The speed-proportional changing of the throughput is, however, limited in the case of the high-pressure roller mill 13 and belt roller mill 14. Because of the complicated ratios of forces arising from the use of a filling level-controlled material overflow, the high-pressure roller mill 13 adopts a throughput-to-speed behaviour that decreases to a greater or lesser extent already from roller speeds of 1.0 m/s, depending on the structuring of the surfaces subjected to load stress and the material to be subjected to load stress. As this behaviour is simultaneously associated with a progressive increase in the specific energy requirement, in the case of the high-pressure roller mill 13 the circumferential speeds are limited to 1.0 to 1.5 m/s for purely economic reasons.

For essentially technical reasons, however, the belt roller mill 14 also cannot be operated in a wide range of speeds. Primarily for reasons relating to wear, but also for reasons relating to noise pollution, both the flat-link chains used as tension member and the plate conveyor itself can no longer be controlled technically at speeds greater than 1.0 m/s because they are also subjected to load stress for system-inherent reasons.

The comminution apparatus according to the invention, called beta roller mill 15, which dispenses with the use of a pulled, continuous plate conveyor and, with the aid of a corresponding feed and discharge apparatus, feeds the material in the area of the vertex of the driven, lower roller 1 can, on the other hand, be operated, both from the technical and from the economic point of view, given a direct proportionality of roller circumferential speed and throughput, in a wide range of speeds up to circumferential speeds of 3.0 m/s and more. With a specific energy use, demonstrated in extensive investigations, which is approx. 50% lower than in the case of the vertical roller mill 12, the beta roller mill 15 is capable, because of its low mechanical losses, of further improving even the energy utilization, already to be described as good, of the belt roller mill 15 by a factor of 1.35.

FIG. 3 shows a looped grinding installation with a beta roller mill in the flowsheet, as could be used for instance for cement grinding or for grinding a comparable product. As the drawing shows, both the deagglomerator 10 and the material feed and discharge apparatus, consisting of a filling level-controlled feed container 3 and a variable-speed roll feeder 9, are fully integrated into the comminution apparatus. The fresh product 16, represented in the drawing for only one material component, is removed from a dosing bunker 17 by a dosing belt weigher 18 and, for the better mixing of fresh product 16 with the circulating product 19, fed behind the comminution apparatus to a bucket conveyor 20 which is preferably U-shaped and conveys the cycled material directly to a separator 21, preferably a high-performance separator, while dispensing with further conveyance devices. The separator 21, sealed off in terms of ventilation by cellular wheel sluices 22, has an extended cylindrical separating chamber 23, via the controlled material level indicator of which the material feed container 3 in front of the mill is provided with sufficient material at all times.

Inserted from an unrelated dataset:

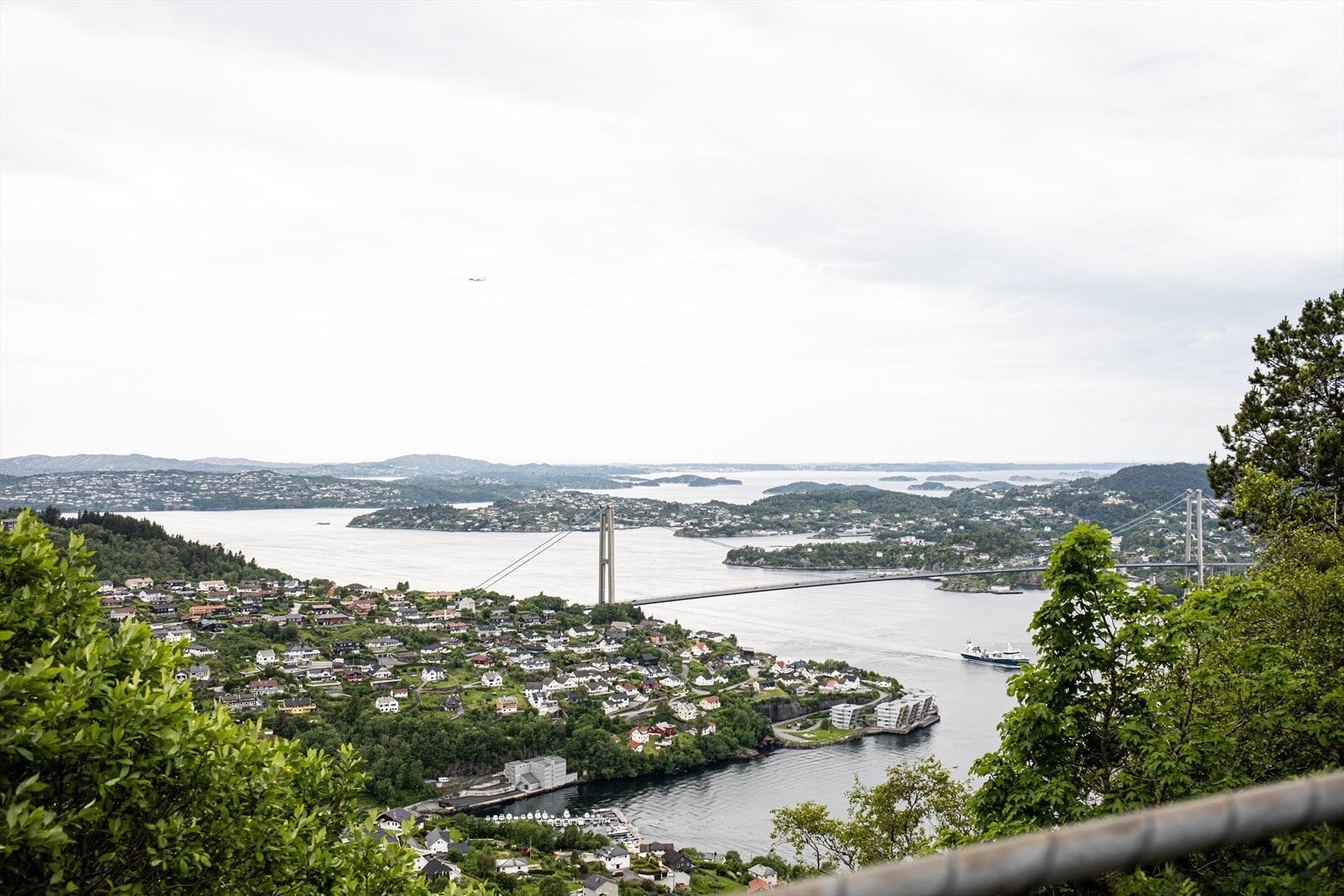 - Ut døren har du kort vei til et av Bergens 7 fjell, Lyderhorn - Galleribilde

The separator 21 preferably deposits the finished product contained in the emerging separator air 24 directly in a fabric separator which is not represented in more detail in the drawing. The grinding installation is adjusted to maintain a constant circulating mass flow, wherein the quality of the finished product is changed by adjusting the specific quantity of separator air 25 and via the rotational speed of a separator basket 26 arranged in the separator 21. The circulating mass flow is measured continuously via a throughput measuring device 27 integrated in the bucket conveyor 20.

FIG. 4 shows the flowsheet of a looped grinding installation, as could be used for instance to grind dried slag sands. In this variant, the fresh product 16 is fed by means of a dosing belt weigher 18 directly into the material feed container 3 of the beta roller mill. A two-way chute 28 is located in the material path from the bucket conveyor 20 to the separator 21, with the result that from time to time the circulating product 19 is diverted via a magnetic drum separator 29, in which concentrated iron inclusions are separated out, directly into the dosing bunker 17 for the fresh product 16. The extraneous iron parts in the fresh product 16 are discharged via a magnetic separator 30 above the dosing belt weigher 18. The delivery of fresh product to the beta roller mill is controlled via the filling level of the material in the material feed container 3. The circulating mass flow 19 is measured analogously to FIG. 3 via a throughput measuring device 27 integrated in the bucket conveyor 20.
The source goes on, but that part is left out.